Last week’s petition of senior jurists this week moved on to economists, as two former Bank of Israel governors, Jacob Frenkel and Karnit Flug, warned of capital flight once foreign investors are given reason to suspect that Israel is shifting to Hungary’s version of democracy. The pair’s warning was upheld by Governor Amir Yaron in a meeting with Netanyahu following Yaron’s talks with financial leaders in Davos. The warnings were then joined by Reichman University’s Omer Moav, Israel’s leading neoconservative economist.
Even more powerfully, the economists’ warnings were followed by Prof. Moshe Hazan’s resignation from the Bank of Israel’s Monetary Committee, the forum that sets the shekel’s interest rates.
“Israeli democracy is at risk,” said the Tel Aviv University economist as he announced his intention to join the protests against Netanyahu’s war on the judiciary.
These senior economists were then followed by 500 hi-tech firms that went on a one-hour strike Tuesday. “No Democracy – No Hi-Tech,” read the signs with which hundreds of them marched at the foothills of Tel Aviv’s Azrieli towers while shouting “Shame! Shame! Shame!”

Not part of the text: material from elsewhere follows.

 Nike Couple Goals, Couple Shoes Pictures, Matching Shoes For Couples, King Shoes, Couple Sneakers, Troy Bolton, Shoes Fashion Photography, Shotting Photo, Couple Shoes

These were just warning shots – hi-tech only, and just one hour. Yet the protest will expand and intensify, culminating, if necessary, in general strikes, including railways, buses, taxis, airports, seaports, theaters and whatnot.
Yes, many people back this government no matter what it does, but millions are appalled by its scheme and are prepared to fight it tooth and nail. That is how civil wars begin, and that is why this one must be prevented before words morph into bloodshed.
OUR FOREBEARS fought a dozen civil wars, culminating in the one that raged inside Jerusalem while Rome’s legions approached its walls. As I argued in my recent book, Jewish history’s defining traumas – the downfalls of biblical Israel, Roman Judea, and modern European Jewry – could have been avoided had our forebears not waged war on themselves. A civil war was unaffordable in 70 CE, and it’s unaffordable in 2023.
Now people ask: what will you negotiate? Well, we will demand one thing: constitutional consensus. There are all kinds of formulas for this.
Canada demands, in addition to bicameral approval, the approvals of two-thirds of its provincial legislatures, representing a majority of the people. The US has a similar format, in addition to a two-thirds congressional majority. Holland demands bicameral approval twice, before and after a general election, with the second vote backed by two-thirds of the parliament. Finland demands a two-thirds parliamentary majority both before and after a general election.
Our demand will be much milder: one vote by one house – the Knesset – backed by two-thirds of lawmakers, thus representing the broad consensus that constitutional legislation is meant to be all about.
That is where Herzog’s mediation should strive, and that is what you, mister prime minister, must concede – if not out of nobility then out of calculation because we, like the Union before the American Civil War, have on our side both economic power and moral justice, and will thus win the civil war that we are so reluctant to join and you seem so eager to torch.
The writer, a Hartman Institute fellow, is the author of the bestselling Mitzad Ha’ivelet Ha’yehudi (The Jewish March of Folly, Yediot Sefarim, 2019), a revisionist history of the Jewish people’s political leadership.